Rolnicy nie są już sami?
– Na naszych oczach zachodzi wielka zmiana. Ministerstwo Rolnictwa i Rozwoju Wsi otwiera się na głos rolników. Tylko razem zbudujemy siłę polskiego rolnictwa. Tylko silni rolnicy obronią to co wypracowały pokolenia – przekazuje Michał Kołodziejczak na platformie X.

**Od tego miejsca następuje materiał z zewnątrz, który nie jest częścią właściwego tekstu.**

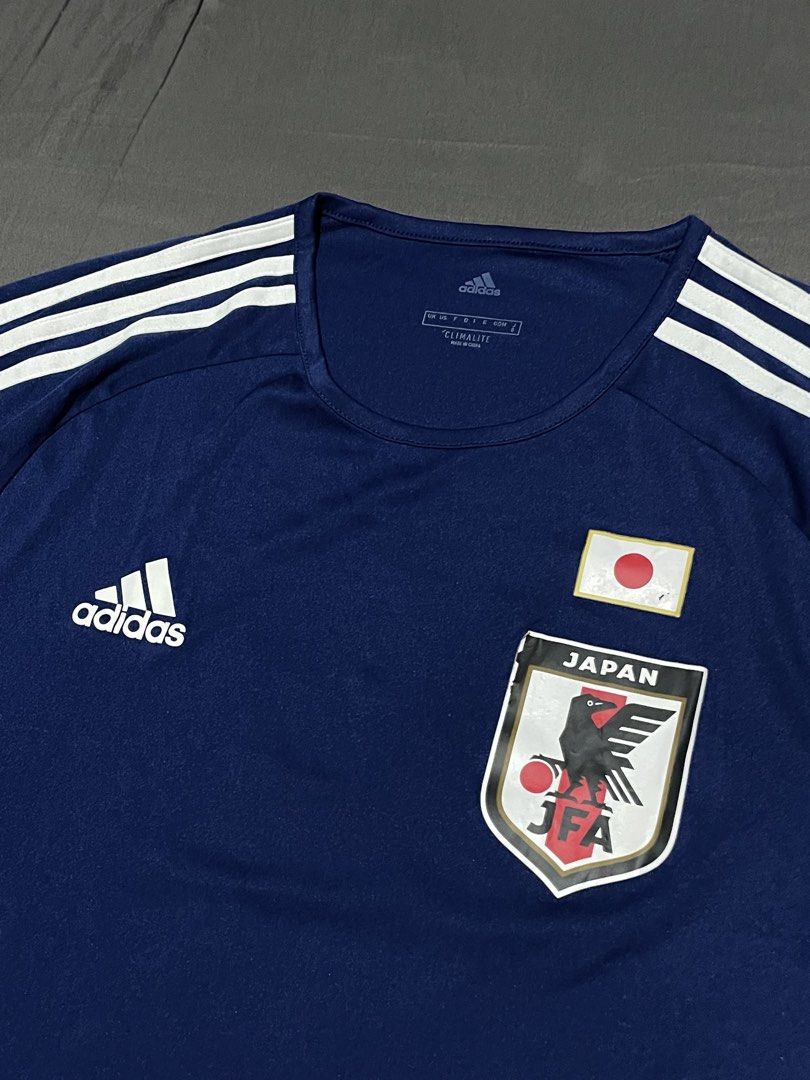 ADIDAS 2017-18 Japan Basic Home Shirt #4 | Jersey (Category: Tshirts & Polo Shirts ) located in Mandaluyong City. Submitted by nathanielpudz (Listing ID 1441814072, Image 3). Description: +sf length: 28 width: 20 condition: 9/10 color rate: 9.9/10 issue: may onting tanggal sa front print ng japan JFA logo (upper left ng logo).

Unia Europejska poszła za daleko
Na proteście rolników, zgodnie z zapowiedzią, zjawił się również Czesław Siekierski. Minister odwiedził protestujących w Słupnie, niedaleko Płocka. Zgodził się z tym, że Unia Europejska poszła za daleko w kwestii wymogów związanych z Zielonym Ładem.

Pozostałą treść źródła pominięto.